> [ACTIVITY]
Reproduce all entries word for word.

------ RECORDS

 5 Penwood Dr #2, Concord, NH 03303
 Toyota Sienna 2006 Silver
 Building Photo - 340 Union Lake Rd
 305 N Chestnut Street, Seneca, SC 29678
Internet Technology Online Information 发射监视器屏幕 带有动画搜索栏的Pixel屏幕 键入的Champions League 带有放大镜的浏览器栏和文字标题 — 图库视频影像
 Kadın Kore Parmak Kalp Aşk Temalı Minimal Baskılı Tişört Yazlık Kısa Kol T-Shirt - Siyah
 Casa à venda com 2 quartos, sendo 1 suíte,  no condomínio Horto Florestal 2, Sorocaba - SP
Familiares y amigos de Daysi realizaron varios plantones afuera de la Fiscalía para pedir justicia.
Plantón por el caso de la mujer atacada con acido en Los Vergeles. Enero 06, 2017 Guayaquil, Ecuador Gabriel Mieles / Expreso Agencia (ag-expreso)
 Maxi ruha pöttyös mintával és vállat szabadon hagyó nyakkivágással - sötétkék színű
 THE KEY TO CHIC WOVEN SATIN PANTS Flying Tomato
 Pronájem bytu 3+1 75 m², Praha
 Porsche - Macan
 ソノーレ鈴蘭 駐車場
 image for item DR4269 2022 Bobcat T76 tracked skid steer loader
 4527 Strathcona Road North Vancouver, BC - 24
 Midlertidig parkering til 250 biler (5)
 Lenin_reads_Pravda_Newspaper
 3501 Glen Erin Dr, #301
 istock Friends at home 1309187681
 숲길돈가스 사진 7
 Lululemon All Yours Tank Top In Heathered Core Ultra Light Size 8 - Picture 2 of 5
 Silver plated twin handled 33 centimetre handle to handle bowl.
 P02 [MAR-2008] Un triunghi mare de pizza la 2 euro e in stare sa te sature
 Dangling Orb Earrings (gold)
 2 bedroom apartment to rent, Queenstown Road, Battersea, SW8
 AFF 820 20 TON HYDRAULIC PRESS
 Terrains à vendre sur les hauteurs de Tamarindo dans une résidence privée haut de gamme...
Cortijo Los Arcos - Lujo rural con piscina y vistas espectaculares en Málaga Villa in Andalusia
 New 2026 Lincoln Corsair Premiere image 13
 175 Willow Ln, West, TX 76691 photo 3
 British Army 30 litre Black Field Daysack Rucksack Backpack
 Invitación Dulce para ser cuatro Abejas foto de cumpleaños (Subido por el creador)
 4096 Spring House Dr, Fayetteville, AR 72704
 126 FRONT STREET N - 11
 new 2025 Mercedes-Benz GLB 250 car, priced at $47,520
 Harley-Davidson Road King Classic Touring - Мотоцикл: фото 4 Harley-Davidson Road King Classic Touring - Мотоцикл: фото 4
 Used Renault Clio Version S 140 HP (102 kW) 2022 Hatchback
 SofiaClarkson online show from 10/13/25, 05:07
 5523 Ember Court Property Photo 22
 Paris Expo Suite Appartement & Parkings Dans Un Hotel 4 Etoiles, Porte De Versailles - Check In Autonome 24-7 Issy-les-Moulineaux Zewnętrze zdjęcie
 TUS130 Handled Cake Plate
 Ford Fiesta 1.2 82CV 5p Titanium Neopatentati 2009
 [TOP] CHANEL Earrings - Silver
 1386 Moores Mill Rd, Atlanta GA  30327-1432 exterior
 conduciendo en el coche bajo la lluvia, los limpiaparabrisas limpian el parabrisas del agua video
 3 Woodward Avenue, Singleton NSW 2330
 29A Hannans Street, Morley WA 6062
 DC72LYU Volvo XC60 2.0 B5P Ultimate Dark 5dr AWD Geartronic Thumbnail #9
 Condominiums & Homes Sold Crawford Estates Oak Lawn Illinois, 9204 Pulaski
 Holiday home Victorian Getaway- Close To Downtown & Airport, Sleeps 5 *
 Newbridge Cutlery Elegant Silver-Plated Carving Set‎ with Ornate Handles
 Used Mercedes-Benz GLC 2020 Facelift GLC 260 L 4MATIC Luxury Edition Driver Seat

------------

> [SOLVED PROBLEM]
 5 Penwood Dr #2, Concord, NH 03303
 Toyota Sienna 2006 Silver
 Building Photo - 340 Union Lake Rd
 305 N Chestnut Street, Seneca, SC 29678
Internet Technology Online Information 发射监视器屏幕 带有动画搜索栏的Pixel屏幕 键入的Champions League 带有放大镜的浏览器栏和文字标题 — 图库视频影像
 Kadın Kore Parmak Kalp Aşk Temalı Minimal Baskılı Tişört Yazlık Kısa Kol T-Shirt - Siyah
 Casa à venda com 2 quartos, sendo 1 suíte,  no condomínio Horto Florestal 2, Sorocaba - SP
Familiares y amigos de Daysi realizaron varios plantones afuera de la Fiscalía para pedir justicia.
Plantón por el caso de la mujer atacada con acido en Los Vergeles. Enero 06, 2017 Guayaquil, Ecuador Gabriel Mieles / Expreso Agencia (ag-expreso)
 Maxi ruha pöttyös mintával és vállat szabadon hagyó nyakkivágással - sötétkék színű
 THE KEY TO CHIC WOVEN SATIN PANTS Flying Tomato
 Pronájem bytu 3+1 75 m², Praha
 Porsche - Macan
 ソノーレ鈴蘭 駐車場
 image for item DR4269 2022 Bobcat T76 tracked skid steer loader
 4527 Strathcona Road North Vancouver, BC - 24
 Midlertidig parkering til 250 biler (5)
 Lenin_reads_Pravda_Newspaper
 3501 Glen Erin Dr, #301
 istock Friends at home 1309187681
 숲길돈가스 사진 7
 Lululemon All Yours Tank Top In Heathered Core Ultra Light Size 8 - Picture 2 of 5
 Silver plated twin handled 33 centimetre handle to handle bowl.
 P02 [MAR-2008] Un triunghi mare de pizza la 2 euro e in stare sa te sature
 Dangling Orb Earrings (gold)
 2 bedroom apartment to rent, Queenstown Road, Battersea, SW8
 AFF 820 20 TON HYDRAULIC PRESS
 Terrains à vendre sur les hauteurs de Tamarindo dans une résidence privée haut de gamme...
Cortijo Los Arcos - Lujo rural con piscina y vistas espectaculares en Málaga Villa in Andalusia
 New 2026 Lincoln Corsair Premiere image 13
 175 Willow Ln, West, TX 76691 photo 3
 British Army 30 litre Black Field Daysack Rucksack Backpack
 Invitación Dulce para ser cuatro Abejas foto de cumpleaños (Subido por el creador)
 4096 Spring House Dr, Fayetteville, AR 72704
 126 FRONT STREET N - 11
 new 2025 Mercedes-Benz GLB 250 car, priced at $47,520
 Harley-Davidson Road King Classic Touring - Мотоцикл: фото 4 Harley-Davidson Road King Classic Touring - Мотоцикл: фото 4
 Used Renault Clio Version S 140 HP (102 kW) 2022 Hatchback
 SofiaClarkson online show from 10/13/25, 05:07
 5523 Ember Court Property Photo 22
 Paris Expo Suite Appartement & Parkings Dans Un Hotel 4 Etoiles, Porte De Versailles - Check In Autonome 24-7 Issy-les-Moulineaux Zewnętrze zdjęcie
 TUS130 Handled Cake Plate
 Ford Fiesta 1.2 82CV 5p Titanium Neopatentati 2009
 [TOP] CHANEL Earrings - Silver
 1386 Moores Mill Rd, Atlanta GA  30327-1432 exterior
 conduciendo en el coche bajo la lluvia, los limpiaparabrisas limpian el parabrisas del agua video
 3 Woodward Avenue, Singleton NSW 2330
 29A Hannans Street, Morley WA 6062
 DC72LYU Volvo XC60 2.0 B5P Ultimate Dark 5dr AWD Geartronic Thumbnail #9
 Condominiums & Homes Sold Crawford Estates Oak Lawn Illinois, 9204 Pulaski
 Holiday home Victorian Getaway- Close To Downtown & Airport, Sleeps 5 *
 Newbridge Cutlery Elegant Silver-Plated Carving Set‎ with Ornate Handles
 Used Mercedes-Benz GLC 2020 Facelift GLC 260 L 4MATIC Luxury Edition Driver Seat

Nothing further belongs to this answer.